A case study on parametric verification of failure detectors

Partial synchrony is a model of computation in many distributed algorithms and modern blockchains. These algorithms are typically parameterized in the number of participants, and their correctness requires the existence of bounds on message delays and on the relative speed of processes after reaching Global Stabilization Time. These characteristics make partially synchronous algorithms parameterized in the number of processes, and parametric in time bounds, which render automated verification of partially synchronous algorithms challenging. In this paper, we present a case study on formal verification of both safety and liveness of the Chandra and Toueg failure detector that is based on partial synchrony. To this end, we first introduce and formalize the class of symmetric point-to-point algorithms that contains the failure detector. Second, we show that these symmetric point-to-point algorithms have a cutoff, and the cutoff results hold in three models of computation: synchrony, asynchrony, and partial synchrony. As a result, one can verify them by model checking small instances, but the verification problem stays parametric in time. Next, we specify the failure detector and the partial synchrony assumptions in three frameworks: TLA+, IVy, and counter automata.
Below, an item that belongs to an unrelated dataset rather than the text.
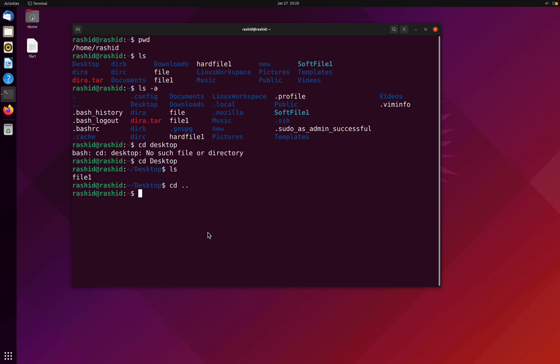What if I try to go to an absolute path? Let's go back. Now we are in the home directory. Now what I want is to go to the desktop.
Importantly, we tune our modeling to use the strength of each method: (1) We are using counters to encode message buffers with counter automata, (2) we are using first-order relations to encode message buffers in IVy, and (3) we are using both approaches in TLA+. By running the tools for TLA+ and counter automata, we demonstrate safety for fixed time bounds. By running IVy, we prove safety for arbitrary time bounds. Moreover, we show how to verify liveness of the failure detector by reducing the verification problem to safety verification. Thus, both properties are verified by developing inductive invariants with IVy.
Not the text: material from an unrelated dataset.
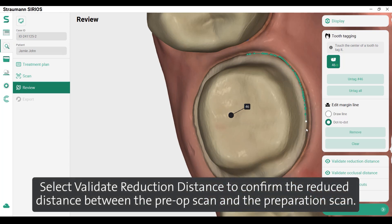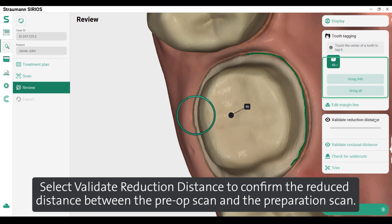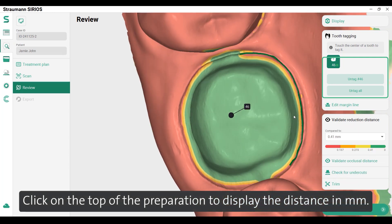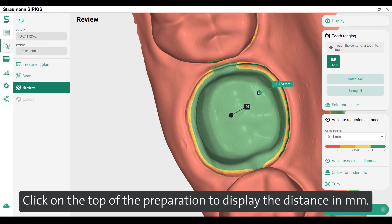Select validate reduction distance to confirm the reduced distance between the pre-op scan and the preparation scan. Click on the top of the preparation to display the distance in millimetres.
翻译：部分同步性是许多分布式算法和现代区块链中采用的一种计算模型。这类算法通常以参与者数量为参数，其正确性要求消息延迟及进程在达到全局稳定时间后的相对速度存在界限。这些特性使得部分同步算法在进程数量和时间界限上均呈现参数化特征，给此类算法的自动化验证带来挑战。本文以基于部分同步性的Chandra-Toueg故障检测器为研究对象，对其安全性和活性的形式化验证进行案例研究。为此，我们首先引入并形式化包含该故障检测器的对称点对点算法类。其次，证明这类对称点对点算法具有截断性质，且该截断结果在同步、异步和部分同步三种计算模型下均成立。基于此，可通过模型检测小规模实例进行验证，但验证问题仍保持时间参数化特性。随后，我们在TLA+、IVy和计数器自动机三种框架中对故障检测器及部分同步性假设进行规约。关键在于，我们通过模型调优以充分利用各方法的优势：（1）使用计数器对计数器自动机中的消息缓冲区进行编码，（2）在IVy中采用一阶关系编码消息缓冲区，（3）在TLA+中综合运用两种方法。通过运行TLA+和计数器自动机工具，我们在固定时间界限下验证了安全性；通过运行IVy，我们在任意时间界限下证明了安全性。此外，我们展示了通过将活性验证问题归约为安全性验证来验证故障检测器活性的方法。最终，通过使用IVy开发归纳不变量，完成了对两类性质的形式化验证。